THE PROBLEM – The answer must restate the records below word for word.

(Beginning of RECORDS SUPPLIED)

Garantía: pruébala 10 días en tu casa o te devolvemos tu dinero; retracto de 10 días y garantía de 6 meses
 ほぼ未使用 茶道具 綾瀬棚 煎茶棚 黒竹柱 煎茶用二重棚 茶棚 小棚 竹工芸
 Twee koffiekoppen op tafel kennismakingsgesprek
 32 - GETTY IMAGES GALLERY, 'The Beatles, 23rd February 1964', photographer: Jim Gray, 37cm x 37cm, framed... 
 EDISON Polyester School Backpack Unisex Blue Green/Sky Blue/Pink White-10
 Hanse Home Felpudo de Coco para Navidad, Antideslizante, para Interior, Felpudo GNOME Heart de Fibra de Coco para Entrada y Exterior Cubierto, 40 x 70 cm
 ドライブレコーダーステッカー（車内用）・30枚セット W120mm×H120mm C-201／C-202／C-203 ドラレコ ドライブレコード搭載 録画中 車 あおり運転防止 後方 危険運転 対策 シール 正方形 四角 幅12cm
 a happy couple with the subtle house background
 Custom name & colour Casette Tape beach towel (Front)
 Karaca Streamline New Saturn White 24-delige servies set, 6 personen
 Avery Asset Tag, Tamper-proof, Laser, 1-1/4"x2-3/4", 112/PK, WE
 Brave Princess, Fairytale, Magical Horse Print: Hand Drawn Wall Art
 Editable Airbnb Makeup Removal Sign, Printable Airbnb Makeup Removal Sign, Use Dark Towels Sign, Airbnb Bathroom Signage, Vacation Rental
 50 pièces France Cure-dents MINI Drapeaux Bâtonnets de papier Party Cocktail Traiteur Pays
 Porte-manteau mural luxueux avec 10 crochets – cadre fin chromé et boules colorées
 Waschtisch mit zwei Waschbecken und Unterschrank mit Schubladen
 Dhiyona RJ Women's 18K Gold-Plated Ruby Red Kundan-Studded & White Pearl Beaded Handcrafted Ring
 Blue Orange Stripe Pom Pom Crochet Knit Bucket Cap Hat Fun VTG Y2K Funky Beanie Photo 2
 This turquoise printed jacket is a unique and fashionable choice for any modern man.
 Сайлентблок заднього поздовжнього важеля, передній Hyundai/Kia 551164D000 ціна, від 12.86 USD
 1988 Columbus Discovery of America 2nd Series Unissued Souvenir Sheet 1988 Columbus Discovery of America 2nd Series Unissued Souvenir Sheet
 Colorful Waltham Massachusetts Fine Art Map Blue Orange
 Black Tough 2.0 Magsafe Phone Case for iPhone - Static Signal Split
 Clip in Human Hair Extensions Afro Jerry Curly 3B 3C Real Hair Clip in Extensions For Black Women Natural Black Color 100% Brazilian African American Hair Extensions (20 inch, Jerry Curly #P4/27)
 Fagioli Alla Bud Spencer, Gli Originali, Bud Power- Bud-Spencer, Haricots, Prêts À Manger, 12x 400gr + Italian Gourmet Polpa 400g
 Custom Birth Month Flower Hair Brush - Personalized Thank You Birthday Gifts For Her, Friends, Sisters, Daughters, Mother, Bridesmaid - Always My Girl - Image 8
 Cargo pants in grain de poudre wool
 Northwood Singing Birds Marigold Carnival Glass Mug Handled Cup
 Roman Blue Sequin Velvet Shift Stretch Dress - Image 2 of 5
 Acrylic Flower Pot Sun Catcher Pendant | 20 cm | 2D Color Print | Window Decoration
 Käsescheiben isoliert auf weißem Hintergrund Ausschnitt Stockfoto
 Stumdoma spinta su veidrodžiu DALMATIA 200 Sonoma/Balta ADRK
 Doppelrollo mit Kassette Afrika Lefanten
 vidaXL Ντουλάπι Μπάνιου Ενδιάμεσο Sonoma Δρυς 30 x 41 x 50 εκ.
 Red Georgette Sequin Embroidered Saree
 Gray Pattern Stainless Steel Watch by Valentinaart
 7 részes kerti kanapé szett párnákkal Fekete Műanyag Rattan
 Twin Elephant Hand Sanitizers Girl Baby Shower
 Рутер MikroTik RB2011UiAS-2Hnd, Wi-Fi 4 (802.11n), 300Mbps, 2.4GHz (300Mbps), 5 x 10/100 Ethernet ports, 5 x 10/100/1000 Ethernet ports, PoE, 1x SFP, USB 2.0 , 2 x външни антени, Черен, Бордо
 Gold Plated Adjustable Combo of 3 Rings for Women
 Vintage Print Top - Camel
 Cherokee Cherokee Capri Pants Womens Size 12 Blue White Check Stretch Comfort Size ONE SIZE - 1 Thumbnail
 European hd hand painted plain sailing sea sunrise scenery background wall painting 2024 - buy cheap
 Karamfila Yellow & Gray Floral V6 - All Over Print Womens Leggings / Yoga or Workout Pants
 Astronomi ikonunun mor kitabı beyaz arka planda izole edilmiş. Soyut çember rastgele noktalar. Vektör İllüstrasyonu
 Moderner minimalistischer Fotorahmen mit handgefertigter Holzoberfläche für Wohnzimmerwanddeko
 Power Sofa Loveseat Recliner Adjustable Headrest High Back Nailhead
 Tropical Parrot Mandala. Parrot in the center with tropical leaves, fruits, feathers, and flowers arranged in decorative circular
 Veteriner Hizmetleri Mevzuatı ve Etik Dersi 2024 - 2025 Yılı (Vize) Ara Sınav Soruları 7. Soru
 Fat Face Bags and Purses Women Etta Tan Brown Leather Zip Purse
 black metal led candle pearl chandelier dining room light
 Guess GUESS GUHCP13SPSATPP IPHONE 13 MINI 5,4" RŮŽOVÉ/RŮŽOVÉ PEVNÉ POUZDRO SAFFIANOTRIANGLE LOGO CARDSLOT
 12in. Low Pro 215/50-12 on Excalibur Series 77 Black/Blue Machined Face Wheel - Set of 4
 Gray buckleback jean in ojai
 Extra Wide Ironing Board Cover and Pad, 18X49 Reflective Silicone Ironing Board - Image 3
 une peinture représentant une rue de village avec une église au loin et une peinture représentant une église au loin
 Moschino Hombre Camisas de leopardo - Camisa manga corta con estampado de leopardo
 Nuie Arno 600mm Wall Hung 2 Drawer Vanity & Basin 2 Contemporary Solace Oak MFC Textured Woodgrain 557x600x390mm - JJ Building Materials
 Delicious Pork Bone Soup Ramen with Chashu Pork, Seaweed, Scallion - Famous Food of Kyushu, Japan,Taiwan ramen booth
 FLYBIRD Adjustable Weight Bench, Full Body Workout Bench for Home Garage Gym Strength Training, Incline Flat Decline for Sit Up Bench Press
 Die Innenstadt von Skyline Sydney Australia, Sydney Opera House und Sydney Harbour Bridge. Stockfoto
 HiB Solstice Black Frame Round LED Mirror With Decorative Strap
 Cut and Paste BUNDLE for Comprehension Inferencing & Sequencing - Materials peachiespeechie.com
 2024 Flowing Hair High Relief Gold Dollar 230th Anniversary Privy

(End of RECORDS SUPPLIED)

TASK ANSWER –
Garantía: pruébala 10 días en tu casa o te devolvemos tu dinero; retracto de 10 días y garantía de 6 meses
 ほぼ未使用 茶道具 綾瀬棚 煎茶棚 黒竹柱 煎茶用二重棚 茶棚 小棚 竹工芸
 Twee koffiekoppen op tafel kennismakingsgesprek
 32 - GETTY IMAGES GALLERY, 'The Beatles, 23rd February 1964', photographer: Jim Gray, 37cm x 37cm, framed... 
 EDISON Polyester School Backpack Unisex Blue Green/Sky Blue/Pink White-10
 Hanse Home Felpudo de Coco para Navidad, Antideslizante, para Interior, Felpudo GNOME Heart de Fibra de Coco para Entrada y Exterior Cubierto, 40 x 70 cm
 ドライブレコーダーステッカー（車内用）・30枚セット W120mm×H120mm C-201／C-202／C-203 ドラレコ ドライブレコード搭載 録画中 車 あおり運転防止 後方 危険運転 対策 シール 正方形 四角 幅12cm
 a happy couple with the subtle house background
 Custom name & colour Casette Tape beach towel (Front)
 Karaca Streamline New Saturn White 24-delige servies set, 6 personen
 Avery Asset Tag, Tamper-proof, Laser, 1-1/4"x2-3/4", 112/PK, WE
 Brave Princess, Fairytale, Magical Horse Print: Hand Drawn Wall Art
 Editable Airbnb Makeup Removal Sign, Printable Airbnb Makeup Removal Sign, Use Dark Towels Sign, Airbnb Bathroom Signage, Vacation Rental
 50 pièces France Cure-dents MINI Drapeaux Bâtonnets de papier Party Cocktail Traiteur Pays
 Porte-manteau mural luxueux avec 10 crochets – cadre fin chromé et boules colorées
 Waschtisch mit zwei Waschbecken und Unterschrank mit Schubladen
 Dhiyona RJ Women's 18K Gold-Plated Ruby Red Kundan-Studded & White Pearl Beaded Handcrafted Ring
 Blue Orange Stripe Pom Pom Crochet Knit Bucket Cap Hat Fun VTG Y2K Funky Beanie Photo 2
 This turquoise printed jacket is a unique and fashionable choice for any modern man.
 Сайлентблок заднього поздовжнього важеля, передній Hyundai/Kia 551164D000 ціна, від 12.86 USD
 1988 Columbus Discovery of America 2nd Series Unissued Souvenir Sheet 1988 Columbus Discovery of America 2nd Series Unissued Souvenir Sheet
 Colorful Waltham Massachusetts Fine Art Map Blue Orange
 Black Tough 2.0 Magsafe Phone Case for iPhone - Static Signal Split
 Clip in Human Hair Extensions Afro Jerry Curly 3B 3C Real Hair Clip in Extensions For Black Women Natural Black Color 100% Brazilian African American Hair Extensions (20 inch, Jerry Curly #P4/27)
 Fagioli Alla Bud Spencer, Gli Originali, Bud Power- Bud-Spencer, Haricots, Prêts À Manger, 12x 400gr + Italian Gourmet Polpa 400g
 Custom Birth Month Flower Hair Brush - Personalized Thank You Birthday Gifts For Her, Friends, Sisters, Daughters, Mother, Bridesmaid - Always My Girl - Image 8
 Cargo pants in grain de poudre wool
 Northwood Singing Birds Marigold Carnival Glass Mug Handled Cup
 Roman Blue Sequin Velvet Shift Stretch Dress - Image 2 of 5
 Acrylic Flower Pot Sun Catcher Pendant | 20 cm | 2D Color Print | Window Decoration
 Käsescheiben isoliert auf weißem Hintergrund Ausschnitt Stockfoto
 Stumdoma spinta su veidrodžiu DALMATIA 200 Sonoma/Balta ADRK
 Doppelrollo mit Kassette Afrika Lefanten
 vidaXL Ντουλάπι Μπάνιου Ενδιάμεσο Sonoma Δρυς 30 x 41 x 50 εκ.
 Red Georgette Sequin Embroidered Saree
 Gray Pattern Stainless Steel Watch by Valentinaart
 7 részes kerti kanapé szett párnákkal Fekete Műanyag Rattan
 Twin Elephant Hand Sanitizers Girl Baby Shower
 Рутер MikroTik RB2011UiAS-2Hnd, Wi-Fi 4 (802.11n), 300Mbps, 2.4GHz (300Mbps), 5 x 10/100 Ethernet ports, 5 x 10/100/1000 Ethernet ports, PoE, 1x SFP, USB 2.0 , 2 x външни антени, Черен, Бордо
 Gold Plated Adjustable Combo of 3 Rings for Women
 Vintage Print Top - Camel
 Cherokee Cherokee Capri Pants Womens Size 12 Blue White Check Stretch Comfort Size ONE SIZE - 1 Thumbnail
 European hd hand painted plain sailing sea sunrise scenery background wall painting 2024 - buy cheap
 Karamfila Yellow & Gray Floral V6 - All Over Print Womens Leggings / Yoga or Workout Pants
 Astronomi ikonunun mor kitabı beyaz arka planda izole edilmiş. Soyut çember rastgele noktalar. Vektör İllüstrasyonu
 Moderner minimalistischer Fotorahmen mit handgefertigter Holzoberfläche für Wohnzimmerwanddeko
 Power Sofa Loveseat Recliner Adjustable Headrest High Back Nailhead
 Tropical Parrot Mandala. Parrot in the center with tropical leaves, fruits, feathers, and flowers arranged in decorative circular
 Veteriner Hizmetleri Mevzuatı ve Etik Dersi 2024 - 2025 Yılı (Vize) Ara Sınav Soruları 7. Soru
 Fat Face Bags and Purses Women Etta Tan Brown Leather Zip Purse
 black metal led candle pearl chandelier dining room light
 Guess GUESS GUHCP13SPSATPP IPHONE 13 MINI 5,4" RŮŽOVÉ/RŮŽOVÉ PEVNÉ POUZDRO SAFFIANOTRIANGLE LOGO CARDSLOT
 12in. Low Pro 215/50-12 on Excalibur Series 77 Black/Blue Machined Face Wheel - Set of 4
 Gray buckleback jean in ojai
 Extra Wide Ironing Board Cover and Pad, 18X49 Reflective Silicone Ironing Board - Image 3
 une peinture représentant une rue de village avec une église au loin et une peinture représentant une église au loin
 Moschino Hombre Camisas de leopardo - Camisa manga corta con estampado de leopardo
 Nuie Arno 600mm Wall Hung 2 Drawer Vanity & Basin 2 Contemporary Solace Oak MFC Textured Woodgrain 557x600x390mm - JJ Building Materials
 Delicious Pork Bone Soup Ramen with Chashu Pork, Seaweed, Scallion - Famous Food of Kyushu, Japan,Taiwan ramen booth
 FLYBIRD Adjustable Weight Bench, Full Body Workout Bench for Home Garage Gym Strength Training, Incline Flat Decline for Sit Up Bench Press
 Die Innenstadt von Skyline Sydney Australia, Sydney Opera House und Sydney Harbour Bridge. Stockfoto
 HiB Solstice Black Frame Round LED Mirror With Decorative Strap
 Cut and Paste BUNDLE for Comprehension Inferencing & Sequencing - Materials peachiespeechie.com
 2024 Flowing Hair High Relief Gold Dollar 230th Anniversary Privy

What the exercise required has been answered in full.